Return all the lines below in which the string "with" appears.

◆ Given entries
============
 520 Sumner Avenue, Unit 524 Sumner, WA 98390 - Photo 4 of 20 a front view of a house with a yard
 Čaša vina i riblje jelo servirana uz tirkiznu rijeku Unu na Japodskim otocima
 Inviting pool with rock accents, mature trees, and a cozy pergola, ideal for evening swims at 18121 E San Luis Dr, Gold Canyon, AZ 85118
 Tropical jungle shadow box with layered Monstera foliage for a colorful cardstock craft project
============
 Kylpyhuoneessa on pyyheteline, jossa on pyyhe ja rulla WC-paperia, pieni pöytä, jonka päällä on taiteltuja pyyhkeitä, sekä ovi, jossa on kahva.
============
◆ Final answer
 520 Sumner Avenue, Unit 524 Sumner, WA 98390 - Photo 4 of 20 a front view of a house with a yard
 Inviting pool with rock accents, mature trees, and a cozy pergola, ideal for evening swims at 18121 E San Luis Dr, Gold Canyon, AZ 85118
 Tropical jungle shadow box with layered Monstera foliage for a colorful cardstock craft project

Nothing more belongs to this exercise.